- **Record set**
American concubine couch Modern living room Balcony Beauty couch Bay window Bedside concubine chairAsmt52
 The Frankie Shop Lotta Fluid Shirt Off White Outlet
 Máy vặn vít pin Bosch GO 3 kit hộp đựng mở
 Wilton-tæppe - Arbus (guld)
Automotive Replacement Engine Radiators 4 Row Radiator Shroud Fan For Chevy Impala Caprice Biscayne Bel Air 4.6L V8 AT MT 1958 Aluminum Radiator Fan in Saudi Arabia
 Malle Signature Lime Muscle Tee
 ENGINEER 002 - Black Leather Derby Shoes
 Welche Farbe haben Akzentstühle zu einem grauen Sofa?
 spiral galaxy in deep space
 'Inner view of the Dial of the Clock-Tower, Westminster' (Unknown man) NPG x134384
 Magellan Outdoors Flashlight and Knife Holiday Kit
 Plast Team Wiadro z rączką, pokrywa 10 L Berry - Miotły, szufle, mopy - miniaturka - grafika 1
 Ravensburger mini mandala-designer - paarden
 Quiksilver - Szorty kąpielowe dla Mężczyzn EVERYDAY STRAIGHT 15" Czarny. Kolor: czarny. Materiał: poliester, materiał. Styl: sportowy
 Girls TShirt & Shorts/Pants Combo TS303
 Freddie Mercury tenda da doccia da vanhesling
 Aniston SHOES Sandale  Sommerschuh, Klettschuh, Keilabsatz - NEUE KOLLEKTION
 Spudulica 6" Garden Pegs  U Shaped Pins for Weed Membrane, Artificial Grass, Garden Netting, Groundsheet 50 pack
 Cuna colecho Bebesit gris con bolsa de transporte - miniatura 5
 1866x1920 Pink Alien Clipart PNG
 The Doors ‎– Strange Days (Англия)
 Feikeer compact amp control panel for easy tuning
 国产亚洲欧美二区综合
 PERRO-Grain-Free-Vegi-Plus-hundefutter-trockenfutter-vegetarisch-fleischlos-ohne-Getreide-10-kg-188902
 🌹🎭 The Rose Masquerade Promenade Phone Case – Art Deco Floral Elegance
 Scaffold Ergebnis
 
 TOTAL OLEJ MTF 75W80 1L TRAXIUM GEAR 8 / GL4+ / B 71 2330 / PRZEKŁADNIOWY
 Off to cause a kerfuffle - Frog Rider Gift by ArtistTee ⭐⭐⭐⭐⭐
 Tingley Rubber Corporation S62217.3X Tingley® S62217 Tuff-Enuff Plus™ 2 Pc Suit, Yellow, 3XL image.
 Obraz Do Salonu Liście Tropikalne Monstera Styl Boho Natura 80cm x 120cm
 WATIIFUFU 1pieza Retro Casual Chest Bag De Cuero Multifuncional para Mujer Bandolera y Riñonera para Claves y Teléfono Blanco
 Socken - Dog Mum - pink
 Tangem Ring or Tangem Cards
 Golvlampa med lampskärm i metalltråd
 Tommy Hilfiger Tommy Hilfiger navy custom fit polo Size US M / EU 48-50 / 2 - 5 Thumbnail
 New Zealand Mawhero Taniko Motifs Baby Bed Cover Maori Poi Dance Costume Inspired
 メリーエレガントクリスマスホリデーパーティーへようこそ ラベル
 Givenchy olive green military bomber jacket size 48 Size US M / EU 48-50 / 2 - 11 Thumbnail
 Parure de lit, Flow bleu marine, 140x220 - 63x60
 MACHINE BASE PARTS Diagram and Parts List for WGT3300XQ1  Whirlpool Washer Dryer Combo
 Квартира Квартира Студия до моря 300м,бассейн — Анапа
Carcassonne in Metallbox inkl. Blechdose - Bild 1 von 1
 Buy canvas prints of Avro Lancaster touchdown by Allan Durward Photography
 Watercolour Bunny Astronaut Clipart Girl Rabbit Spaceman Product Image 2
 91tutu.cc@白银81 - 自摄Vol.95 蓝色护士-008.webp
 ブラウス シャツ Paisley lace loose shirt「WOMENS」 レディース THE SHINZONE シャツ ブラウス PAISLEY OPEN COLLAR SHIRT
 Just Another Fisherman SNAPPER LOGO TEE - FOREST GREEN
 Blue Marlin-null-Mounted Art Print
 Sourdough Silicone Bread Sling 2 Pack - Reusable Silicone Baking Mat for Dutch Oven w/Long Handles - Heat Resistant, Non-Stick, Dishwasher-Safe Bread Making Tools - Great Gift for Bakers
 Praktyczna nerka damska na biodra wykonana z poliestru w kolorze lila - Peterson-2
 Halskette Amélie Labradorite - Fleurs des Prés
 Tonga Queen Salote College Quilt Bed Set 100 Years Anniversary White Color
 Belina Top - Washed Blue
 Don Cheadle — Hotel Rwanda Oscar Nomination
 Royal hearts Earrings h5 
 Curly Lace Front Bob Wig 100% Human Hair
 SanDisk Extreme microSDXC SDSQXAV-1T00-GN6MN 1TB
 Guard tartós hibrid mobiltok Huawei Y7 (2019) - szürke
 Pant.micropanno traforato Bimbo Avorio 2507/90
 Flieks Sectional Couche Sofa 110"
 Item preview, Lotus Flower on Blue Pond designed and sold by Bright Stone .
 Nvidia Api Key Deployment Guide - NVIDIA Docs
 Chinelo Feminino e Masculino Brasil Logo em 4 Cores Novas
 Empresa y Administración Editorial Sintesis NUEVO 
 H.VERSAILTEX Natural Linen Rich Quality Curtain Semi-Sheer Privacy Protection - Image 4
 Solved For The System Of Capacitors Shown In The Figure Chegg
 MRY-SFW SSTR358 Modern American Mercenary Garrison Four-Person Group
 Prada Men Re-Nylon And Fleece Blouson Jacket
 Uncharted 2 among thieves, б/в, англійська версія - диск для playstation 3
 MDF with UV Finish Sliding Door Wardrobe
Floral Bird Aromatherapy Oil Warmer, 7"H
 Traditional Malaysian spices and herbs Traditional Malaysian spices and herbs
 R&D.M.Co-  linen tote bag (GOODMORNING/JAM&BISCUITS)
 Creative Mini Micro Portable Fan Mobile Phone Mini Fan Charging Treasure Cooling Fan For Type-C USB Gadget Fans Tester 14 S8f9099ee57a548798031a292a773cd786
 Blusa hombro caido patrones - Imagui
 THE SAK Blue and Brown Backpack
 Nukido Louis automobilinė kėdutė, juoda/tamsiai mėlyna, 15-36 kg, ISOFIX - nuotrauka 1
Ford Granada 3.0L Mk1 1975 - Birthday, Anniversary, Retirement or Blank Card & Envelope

- **Task prompt**
Only the lines from the one that contains "Uncharted 2 among" to the end of the data should be output, exactly as they appear.

- **Exercise result**
 Uncharted 2 among thieves, б/в, англійська версія - диск для playstation 3
 MDF with UV Finish Sliding Door Wardrobe
Floral Bird Aromatherapy Oil Warmer, 7"H
 Traditional Malaysian spices and herbs Traditional Malaysian spices and herbs
 R&D.M.Co-  linen tote bag (GOODMORNING/JAM&BISCUITS)
 Creative Mini Micro Portable Fan Mobile Phone Mini Fan Charging Treasure Cooling Fan For Type-C USB Gadget Fans Tester 14 S8f9099ee57a548798031a292a773cd786
 Blusa hombro caido patrones - Imagui
 THE SAK Blue and Brown Backpack
 Nukido Louis automobilinė kėdutė, juoda/tamsiai mėlyna, 15-36 kg, ISOFIX - nuotrauka 1
Ford Granada 3.0L Mk1 1975 - Birthday, Anniversary, Retirement or Blank Card & Envelope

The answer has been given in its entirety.